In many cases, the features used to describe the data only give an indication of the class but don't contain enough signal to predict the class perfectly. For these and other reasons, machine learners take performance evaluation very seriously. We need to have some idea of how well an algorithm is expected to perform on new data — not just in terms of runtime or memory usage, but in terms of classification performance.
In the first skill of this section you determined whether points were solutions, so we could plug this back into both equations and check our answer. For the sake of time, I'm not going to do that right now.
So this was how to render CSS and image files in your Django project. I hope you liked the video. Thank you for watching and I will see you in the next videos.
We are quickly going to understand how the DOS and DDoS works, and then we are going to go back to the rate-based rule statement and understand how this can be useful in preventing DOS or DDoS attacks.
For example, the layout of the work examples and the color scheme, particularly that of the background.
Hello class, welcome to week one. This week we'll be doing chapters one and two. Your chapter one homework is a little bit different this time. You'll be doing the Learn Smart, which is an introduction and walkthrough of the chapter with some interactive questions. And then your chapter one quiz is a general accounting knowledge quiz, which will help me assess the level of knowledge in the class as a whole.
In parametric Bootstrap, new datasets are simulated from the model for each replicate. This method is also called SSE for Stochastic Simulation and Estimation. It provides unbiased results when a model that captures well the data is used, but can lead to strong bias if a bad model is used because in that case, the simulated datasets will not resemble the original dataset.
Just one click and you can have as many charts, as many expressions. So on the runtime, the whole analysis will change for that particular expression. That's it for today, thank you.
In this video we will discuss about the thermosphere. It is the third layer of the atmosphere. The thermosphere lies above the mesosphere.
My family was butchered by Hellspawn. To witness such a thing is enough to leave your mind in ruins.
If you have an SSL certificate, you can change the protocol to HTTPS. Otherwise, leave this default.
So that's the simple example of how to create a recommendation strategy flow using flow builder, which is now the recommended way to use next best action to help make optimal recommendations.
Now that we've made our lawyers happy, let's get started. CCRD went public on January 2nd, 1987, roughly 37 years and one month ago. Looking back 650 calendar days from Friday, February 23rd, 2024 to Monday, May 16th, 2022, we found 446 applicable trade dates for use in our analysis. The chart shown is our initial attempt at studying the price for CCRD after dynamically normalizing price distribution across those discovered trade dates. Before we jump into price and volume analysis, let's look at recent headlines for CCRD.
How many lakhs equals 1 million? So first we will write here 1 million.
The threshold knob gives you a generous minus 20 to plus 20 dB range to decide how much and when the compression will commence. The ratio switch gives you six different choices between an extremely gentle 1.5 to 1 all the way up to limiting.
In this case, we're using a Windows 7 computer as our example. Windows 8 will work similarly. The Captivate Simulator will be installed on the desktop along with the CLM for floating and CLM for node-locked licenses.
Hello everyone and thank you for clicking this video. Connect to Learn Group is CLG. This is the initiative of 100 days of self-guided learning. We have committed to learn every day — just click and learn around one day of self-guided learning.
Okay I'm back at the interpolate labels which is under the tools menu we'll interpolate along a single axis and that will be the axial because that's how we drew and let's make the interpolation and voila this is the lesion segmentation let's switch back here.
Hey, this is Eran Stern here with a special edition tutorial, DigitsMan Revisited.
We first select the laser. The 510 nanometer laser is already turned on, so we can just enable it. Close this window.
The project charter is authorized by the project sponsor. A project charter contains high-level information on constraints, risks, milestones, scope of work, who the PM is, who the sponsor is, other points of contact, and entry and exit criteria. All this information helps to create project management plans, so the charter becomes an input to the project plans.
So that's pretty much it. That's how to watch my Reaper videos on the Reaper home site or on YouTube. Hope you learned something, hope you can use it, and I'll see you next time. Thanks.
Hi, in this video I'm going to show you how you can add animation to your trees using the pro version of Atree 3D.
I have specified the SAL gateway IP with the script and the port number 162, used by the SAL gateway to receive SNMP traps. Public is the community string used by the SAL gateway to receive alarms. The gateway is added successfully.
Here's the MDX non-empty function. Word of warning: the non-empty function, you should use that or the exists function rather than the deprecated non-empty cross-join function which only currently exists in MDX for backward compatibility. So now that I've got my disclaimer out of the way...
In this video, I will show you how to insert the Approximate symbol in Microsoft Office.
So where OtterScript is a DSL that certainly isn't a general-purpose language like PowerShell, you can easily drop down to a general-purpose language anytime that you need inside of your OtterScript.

# # # #

Go through the records and copy each line with "different" in it.

▶ **RESPONSE BELOW**
Hello class, welcome to week one. This week we'll be doing chapters one and two. Your chapter one homework is a little bit different this time. You'll be doing the Learn Smart, which is an introduction and walkthrough of the chapter with some interactive questions. And then your chapter one quiz is a general accounting knowledge quiz, which will help me assess the level of knowledge in the class as a whole.
The threshold knob gives you a generous minus 20 to plus 20 dB range to decide how much and when the compression will commence. The ratio switch gives you six different choices between an extremely gentle 1.5 to 1 all the way up to limiting.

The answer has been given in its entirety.